Dans le même temps, la liesse de l'Amérique démocrate éclatait dans les rues de grandes villes, alors que des militants pro-Trump refusaient de reconnaître la défaite de leur champion via les hashtags #StopTheSteal [arrêtez le vol] ou #AuditTheVote [examen du vote], galvanisés par la posture adoptée de Trump depuis mercredi.

Au lendemain du scrutin, mercredi, Donald Trump avait revendiqué la victoire et annoncé des recours en justice, qui ont peu de chance d'aboutir, mais participent d'un climat de tension. "J'ai gagné cette élection, de loin!" a réitéré Donald Trump sur Twitter samedi, peu avant l'annonce des résultats. Depuis lors, comme il en est l'usage à Washington, bien que ce ne soit pas une obligation formelle, Donald Trump n'a pas concédé sa défaite, entérinant cette position dans un communiqué.

Dispersion des républicains

À cette heure, les prochaines semaines semblent largement suspendues à l'attitude de Donald Trump au cours des jours à venir et de son acceptation - ou non - de sa défaite.

Selon Kaitlan Collins, correspondante de CNN à la Maison Blanche, le gendre de Donald Trump et mari d'Ivanka Trump, Jared Kushner, aurait entretenu son beau-père de la reconnaissance de sa défaite, a-t-elle écrit sur Twitter. Au sein du parti républicain, de nombreuses voix gardent le silence ou récusent les accusations de fraude proférées par Donald Trump.

"Cette élection n'est pas terminée", a écrit Donald Trump dans son communiqué aux airs de mise en garde, faisant écho à ses tweets rageurs. D'après CNN, ce dernier n'avait pas préparé de discours en cas d'échec.

En dépit de ces protestations, le président-élu Joe Biden a amorcé samedi son accession au pouvoir. Coopération ou non avant la passation, il a d'ores et déjà annoncé la mise en place d'une cellule de crise sur le Covid-19 dès ce lundi, chargée de bâtir un plan "qui entrera en vigueur dès le 20 janvier 2021".

Selon Le Parisien, depuis 223 ans et la passation entre George Washington et John Adams, les États-Unis d'Amérique n'ont eu de cesse de vivre des périodes de transition pacifiées. Dans un article paru vendredi, le New York Times soulignait que l'équipe de Joe Biden s'était préparée à plusieurs éventualités, dans le cas où Donald Trump ne reconnaîtrait pas sa défaite et que son administration refusait de coopérer.

Vœu d'unité

Vendredi, Andrew Bates, un porte-parole de Joe Biden, avait déclaré que "les autorités américaines [étaient] parfaitement capables d'expulser les intrus de la Maison Blanche", dans le cas où le président sortant - ce qui semble toutefois farfelu - refusait de quitter la résidence officielle du chef d'État américain.

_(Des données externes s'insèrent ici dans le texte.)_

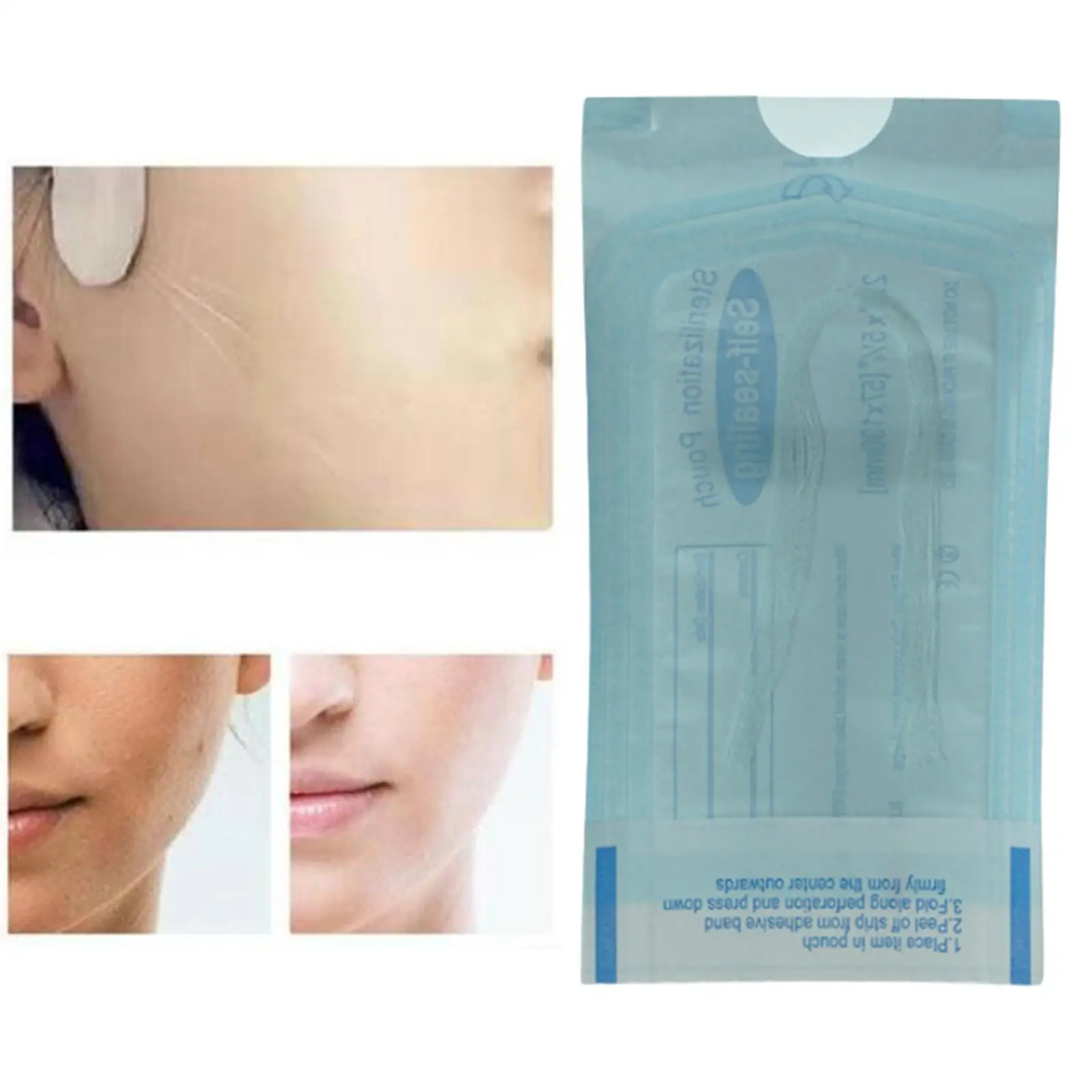12Pcs Soluble Protein Thread Lifting Skin Tightening Absorbable Thread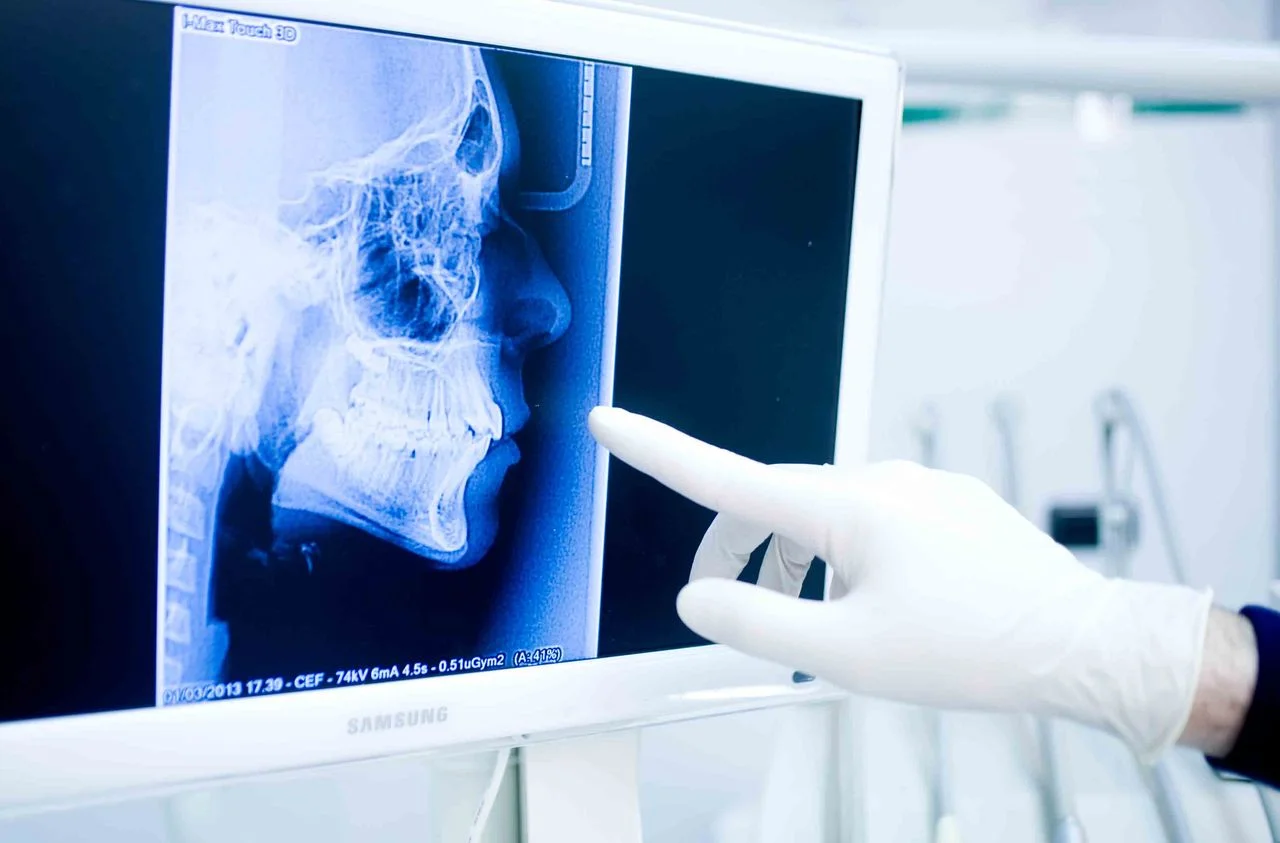 Gnatologia — dispositivo occlusale e analisi della mandibola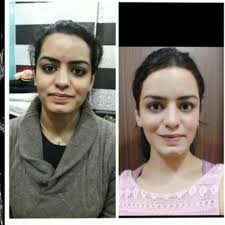 Instead of using concealers and tinted moisturizers, you could make lifestyle changes, focus on your blend tomato with lemon juice and honey. Facial Hyperpigmentation And Uneven Skin Tone By Dr Niharika Chugh Lybrate
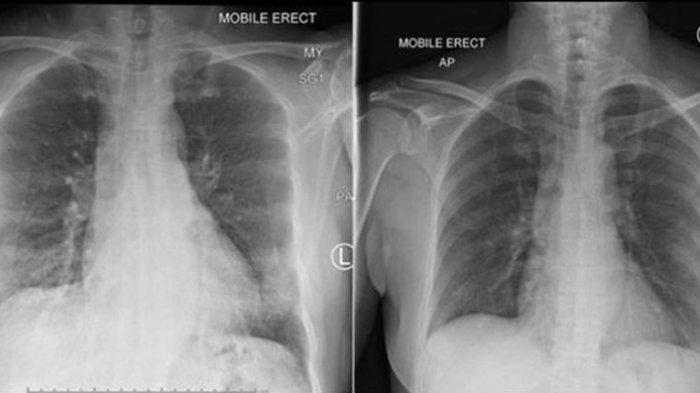 hasil-rontgen-memperlihatkan-paru-paru-pasien-bersih-2342.jpg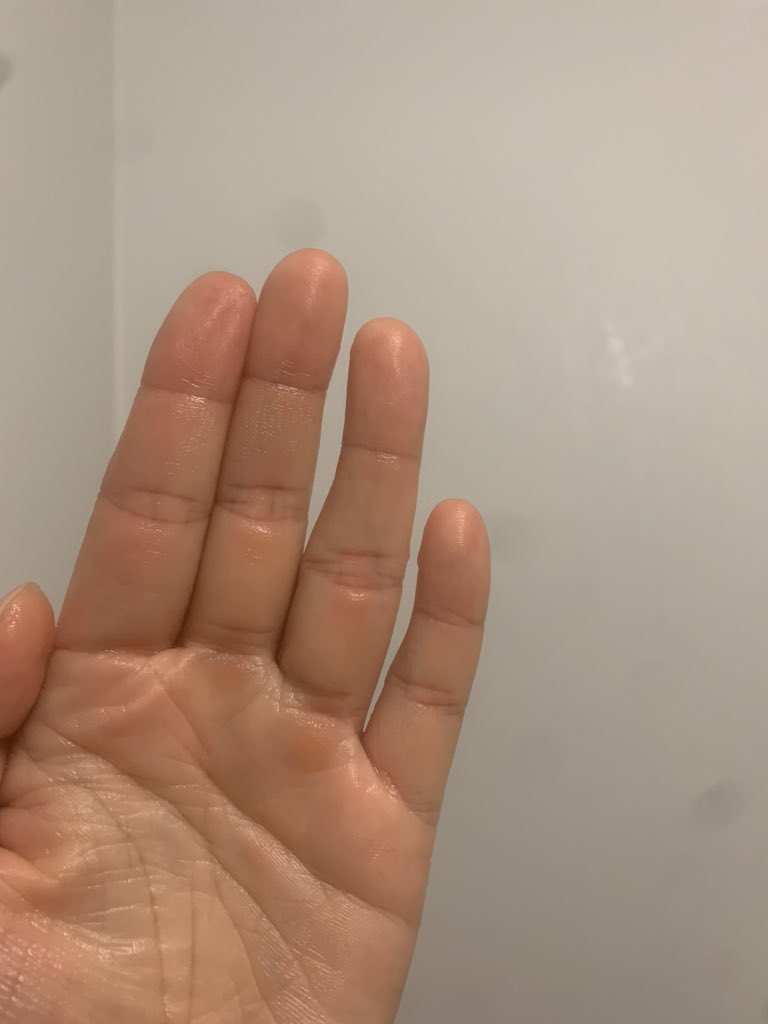 Uzivatel マリ卍 浜松市 Na Twitteru え ってかお風呂で髪洗う時に 何日も前に突き指した薬指 まだ痛いなーと思ったら 曲がってんだけど しかも 左手の薬指 もう結婚できないなこりゃ ってか 曲がってるよね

Samedi, dans un tweet, Joe Biden a fait voeu d'unité, promettant d'être "le président de tous les Américains, que vous ayez voté ou non pour moi". Plus tard, en s'adressant à la Nation, le démocrate a réitéré, se présentant en président "qui rassemble et non pas qui divise".

"Il n'y a pas d'États bleus ou d'États rouges, il n'y a que les États-Unis d'Amérique. (...) Il ne faut pas traiter nos adversaires comme des ennemis, ce sont des Américains. (...) Il est temps de guérir les États-Unis", a prôné Joe Biden.

Reste à savoir maintenant, si cette main tendue contribuera à permettre une passation apaisée. Selon CNN, une transition avec une éventuelle administration Biden était toutefois envisagée et préparée depuis des mois avec l'aide de hauts responsables de l'administration Trump.